Your goal: Could you retype the entries below exactly, omitting every picture?

The data:
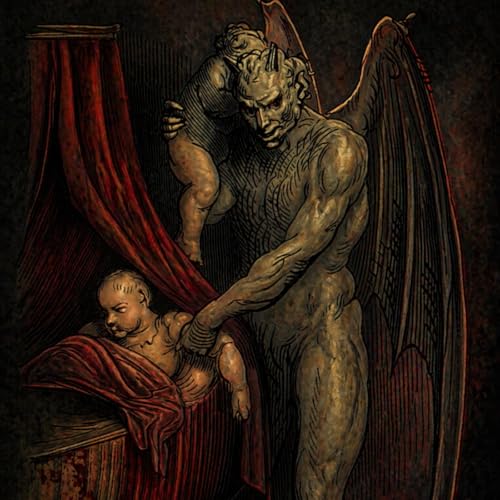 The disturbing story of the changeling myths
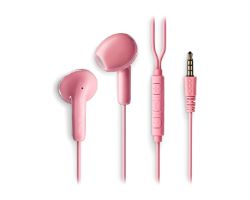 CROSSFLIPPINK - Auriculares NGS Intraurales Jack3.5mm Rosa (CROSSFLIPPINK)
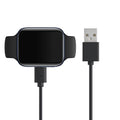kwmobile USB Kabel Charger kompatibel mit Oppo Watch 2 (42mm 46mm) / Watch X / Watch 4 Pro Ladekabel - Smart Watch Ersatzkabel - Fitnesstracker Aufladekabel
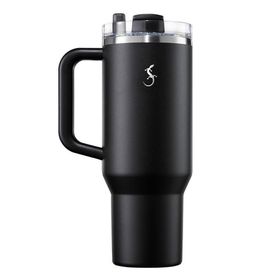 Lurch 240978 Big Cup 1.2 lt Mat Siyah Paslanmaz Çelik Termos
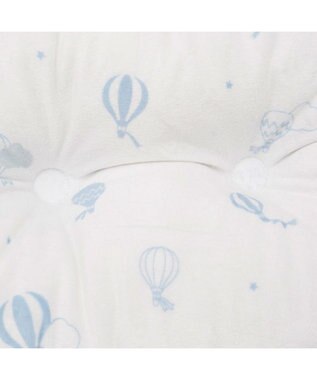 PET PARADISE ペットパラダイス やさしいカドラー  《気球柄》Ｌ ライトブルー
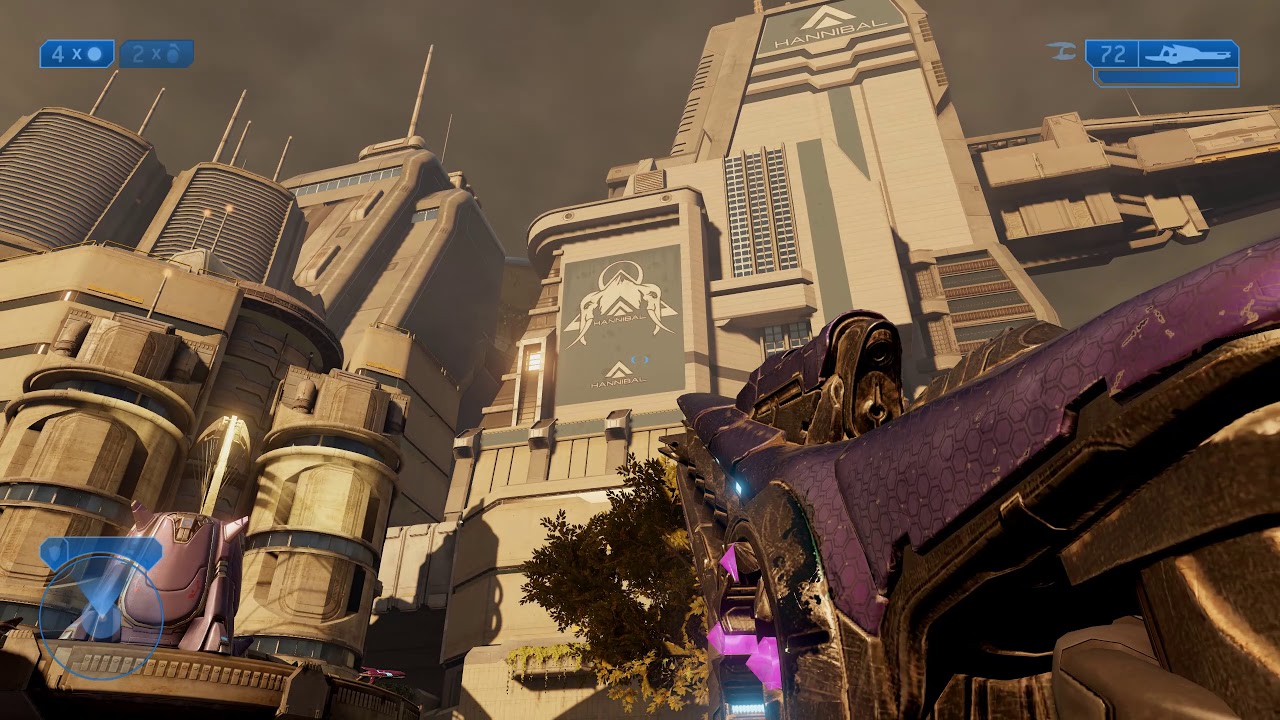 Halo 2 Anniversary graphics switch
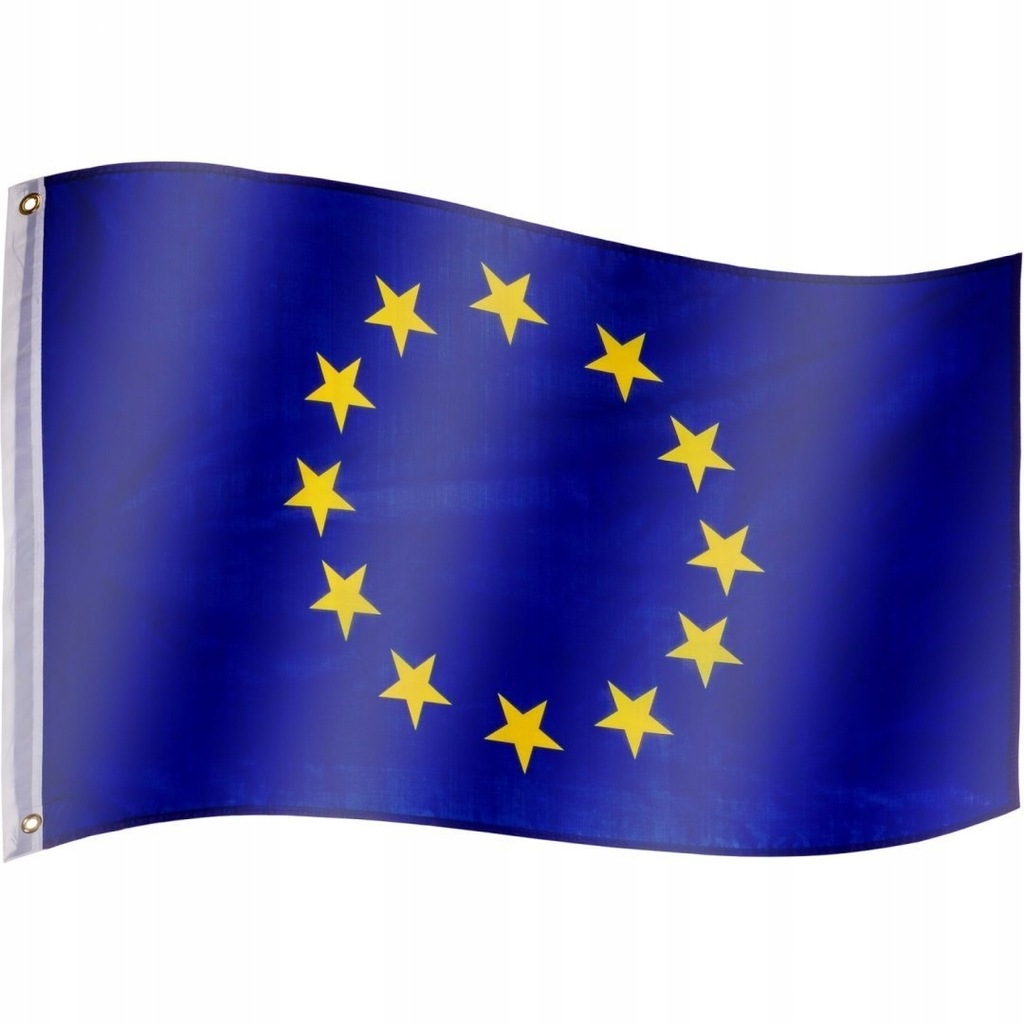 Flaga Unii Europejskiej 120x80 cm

Problem solution:
 The disturbing story of the changeling myths
 CROSSFLIPPINK - Auriculares NGS Intraurales Jack3.5mm Rosa (CROSSFLIPPINK)
kwmobile USB Kabel Charger kompatibel mit Oppo Watch 2 (42mm 46mm) / Watch X / Watch 4 Pro Ladekabel - Smart Watch Ersatzkabel - Fitnesstracker Aufladekabel
 Lurch 240978 Big Cup 1.2 lt Mat Siyah Paslanmaz Çelik Termos
 PET PARADISE ペットパラダイス やさしいカドラー  《気球柄》Ｌ ライトブルー
 Halo 2 Anniversary graphics switch
 Flaga Unii Europejskiej 120x80 cm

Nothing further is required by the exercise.